Type is the core element in branding: this year's D&AD Type Design Jury president explains
Ever since 1962, D&AD has been inspiring a community of creative thinkers by celebrating and stimulating the finest in design and advertising. This year is no exception.
Recognised globally as the ultimate creative accolade this year's D&AD 2021 Awards announced key changes across categories which respond to developments in the creative sector and ensure the awards remain reflective of the industry as it evolves.
Luckily with the ever increasing number of entries, Type Design has been moved from Typography and established as a stand alone category, with the jury awarding the best design of single font styles and font families across all styles and languages.
Typeroom reached out to Panos Vassiliou, presidents in this year's inaugural D&AD 2021 Awards Type Design Jury on why a Pencil truly matters.

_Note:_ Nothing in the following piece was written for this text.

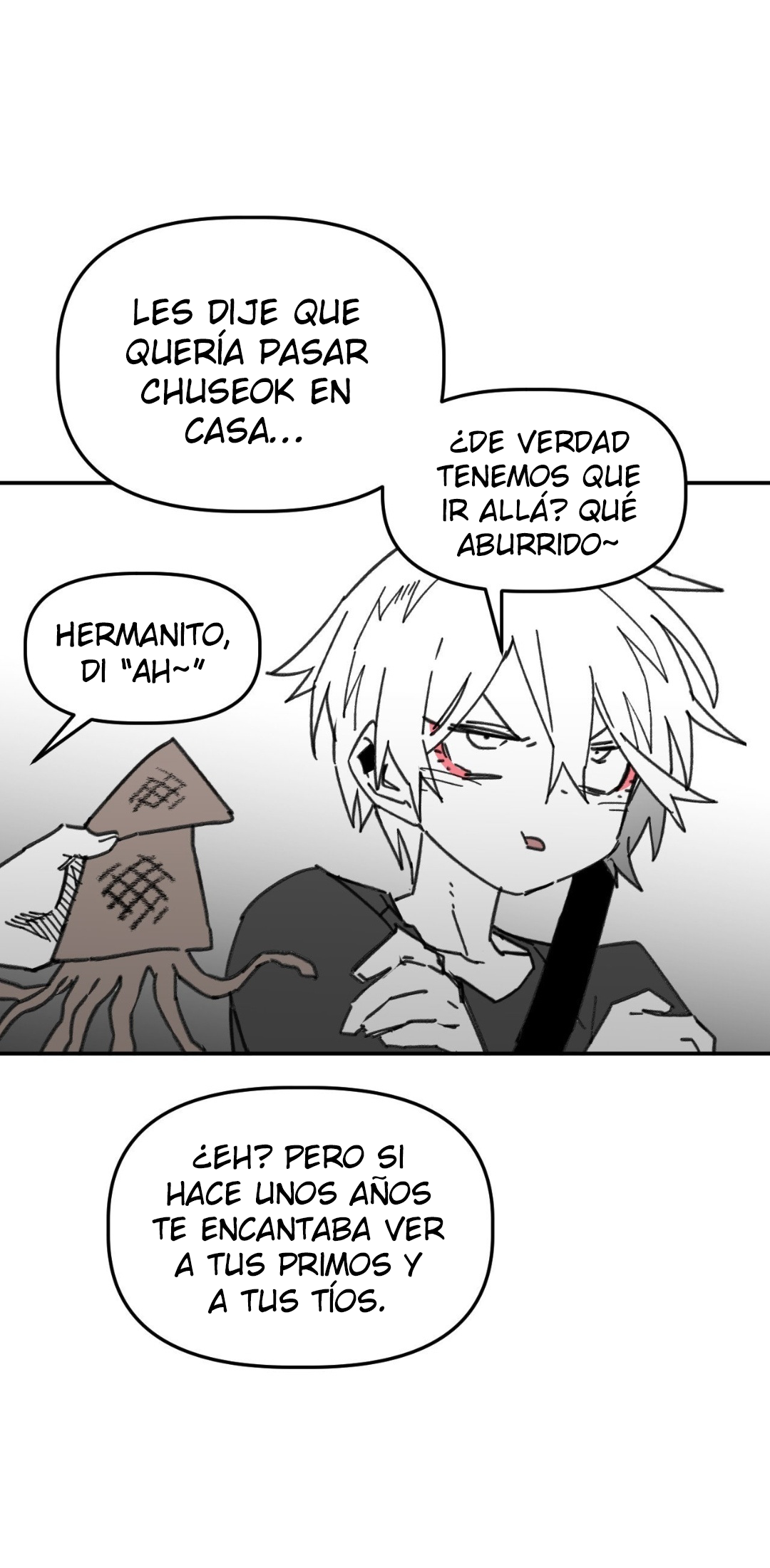 High School Boy Capitulo 81 página 6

“Winning a D&AD Type Design Award sure elevates one's creative and career path” Vassiliou says. “Competition will be fierce, judging will be strict, but winning a D&AD Pencil could be one of the most defining moments of one's career.”
Vassiliou along with a team of international design experts such as Daniel Escudeiro, Soulaf Khalifeh, Min-Young Kim, Ksenya Samarskaya, Kris Sowersby, Qian Sun and Jim Sutherland, will select the most visually arresting typeface designs of last year.
To give you a rundown on how typography affects our buying choices, the psychology behind typo-branding decisions and how type design has become the ultimate star of the visual communications industry, Vassiliou explains more in his insightful and mind-blowing feature “The Type that Makes the Brand.”
“The graphic elements of early times were pictures. Mankind, in its quest to find more efficient ways to communicate, changed the pictures to symbols and later to letters. Those symbols were visual expressions of one's surroundings. The food, the body, one's home became the basis of the alphabet. With this imaginative presentation of the letter, Homo Sapiens projected a picture to the mind of the reader” writes Vassiliou.
Typefaces acquired the power to change our mood and stimulate certain impulses. But could type also influence our decisions, the ones we believe we make using our own free will?
“A creative selection of the right novelties is enough to elevate the status of a typeface from its pure functional purpose to an essential graphic design element that defines a brand” notes Vassiliou.
“Type design, once an unseen hero, has now become the star of the visual communications industry. When typefaces become part of the brand’s identity, they have a strong impact on how it is perceived, they trigger lasting associations and make your brand speak with a consistent and confident voice. Typefaces may be designed to portray an exciting visual rhetoric that signals a fresh start for an existing brand or an exciting career for a new brand.”
Remember this meme when luxury brands opted out of their iconic logos and went for a more minimalistic word mark design? What’s the psychology behind such typographic changes? Our #TypeDesign Jury President Panos Vassiliou @parachutetype discusses it here: https://t.co/UP41U4xPm8 pic.twitter.com/tAr5EP1rJV
— D&AD (@dandad) February 11, 2021
Read Panos Vassiliou's take on type design and its mood-changing impact here and submit your type designs -including traditional, sans serif, calligraphic, display and multi-style font families- by the deadline on 17 March, 23:59 GMT.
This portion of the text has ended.